The Operating System and Liminal Lab

5th(!) Annual National Poetry Month 30/30/30 :: Nevertheless I Live :: Jay Besemer on Tristan Tzara

[box]It’s hard to believe that today’s post marks the first of our FIFTH annual 30/30/30 series, and that when this month is over we will have seeded and scattered ONE HUNDRED and FIFTY of these love-letters, these stories of gratitude and memory, into the world. Nearly 30 books, 3 magazines, countless events and online entries later, and this annual celebration shines like a beacon at the top of the heap of my very favorite things to have brought into being. [If you’re interested in going back through the earlier 120 entries, you can find them (in reverse chronological order) here.]
When I began this exercise on my own blog, in 2011, I began by speaking to National Poetry Month’s beginnings, in 1966, and wrote that my intentions “for my part, as a humble servant and practitioner of this lovely, loving art,” were to post a poem and/or brief history of a different poet…. as well as write and post a new poem a day. I do function well under stricture, but I soon realized this was an overwhelming errand.
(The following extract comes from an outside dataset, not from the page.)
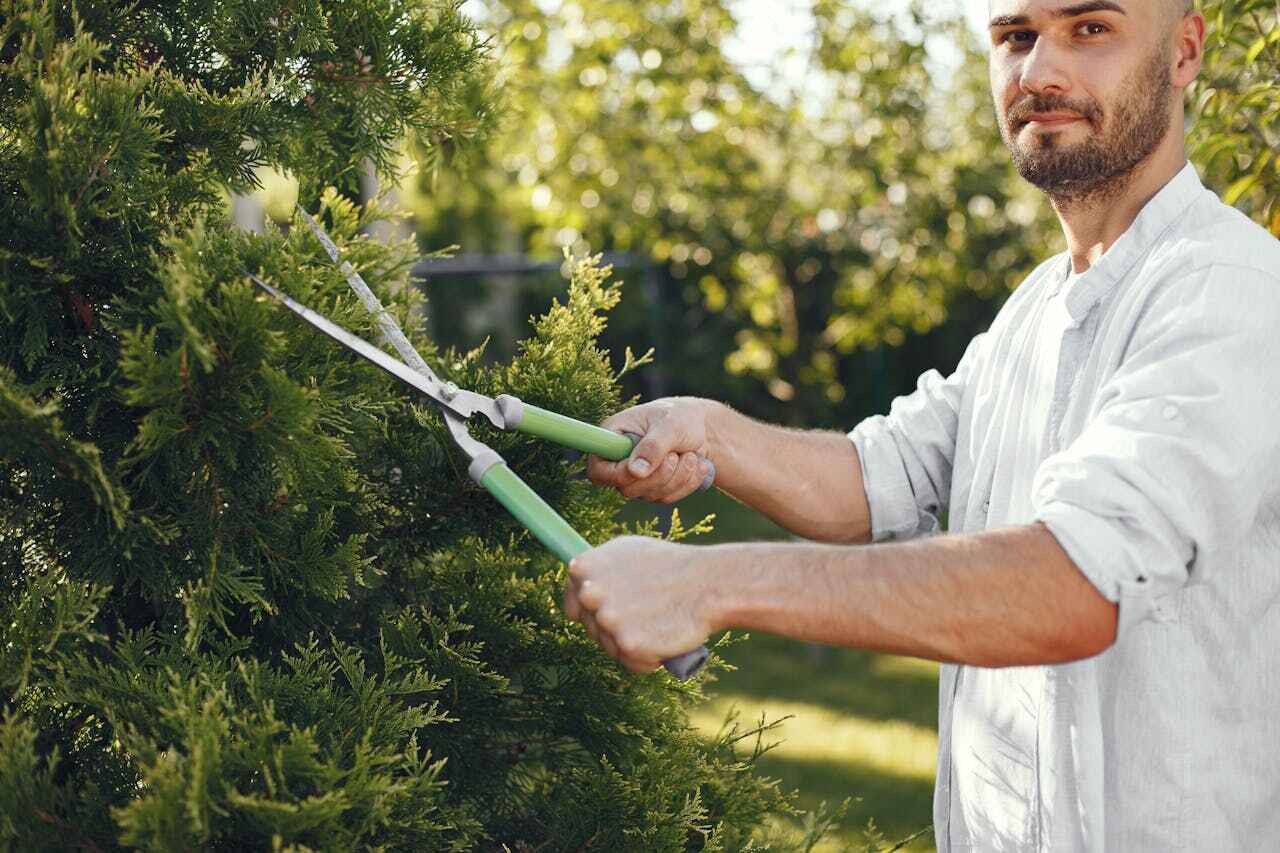 Tree Removal for Businesses in Bellair Meadowbrook Terrace, FL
Nonetheless the idea stuck — to have this month serve not only as one in which we flex our practical muscles but also one in which we reflect on inspiration, community, and tradition — and with The Operating System (then Exit Strata) available as a public platform to me, I invited others (and invited others to invite others) to join in the exercise. It is a series which perfectly models my intention to have the OS serve as an engine of open source education, of peer to peer value and knowledge circulation.
Sitting down at my computer so many years ago I would have never imagined that in the following five years I would be able to curate and gather 150 essays from so many gifted poets — ranging from students to award winning stars of the craft, from the US and abroad — to join in this effort. But I’m so so glad that this has come to be.
It seems apropos that we kick off this celebratory 5th season of series with Tzara — Dada was a huge inspiration in our original founding of Exit Strata and continues to inspire and influence our approach to being a community of making.
Enjoy! And share widely.
– Lynne DeSilva-Johnson, Managing Editor/Series Curator [/box]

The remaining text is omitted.